** Raw data follows **

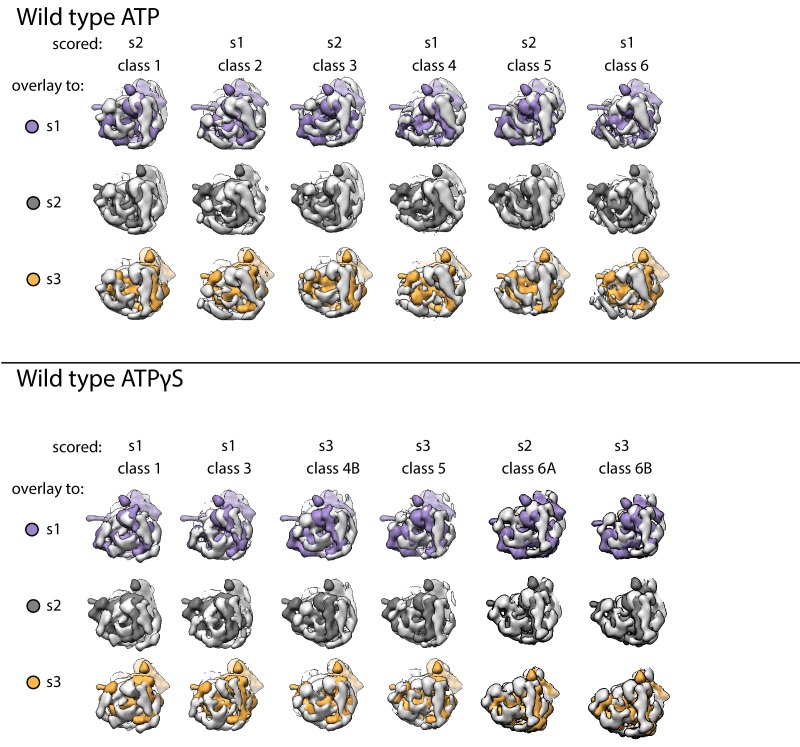 Figure 2—figure supplement 3.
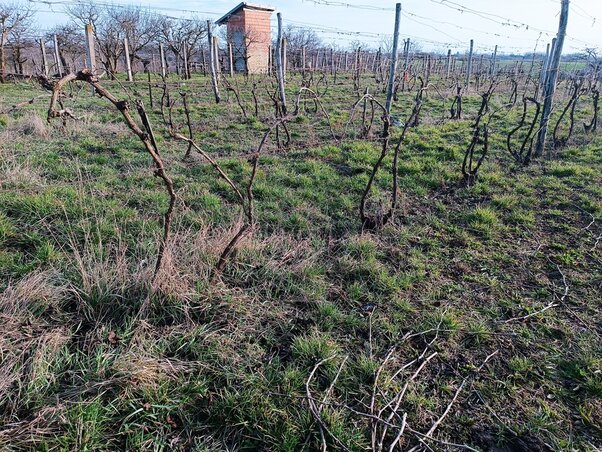 Metszés után / Fotó: Kazinczy Paszterkó Diana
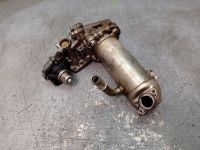 Abgaskühler Kühler AGR-Kühler <br>FORD TRANSIT V363 (FCD, FDD) 2.0 TDCI RWD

** End of Raw data **

● **The problem**
Write out all the data exactly, minus pictures.

● **Task output**
 Figure 2—figure supplement 3.
 Metszés után / Fotó: Kazinczy Paszterkó Diana
 Abgaskühler Kühler AGR-Kühler <br>FORD TRANSIT V363 (FCD, FDD) 2.0 TDCI RWD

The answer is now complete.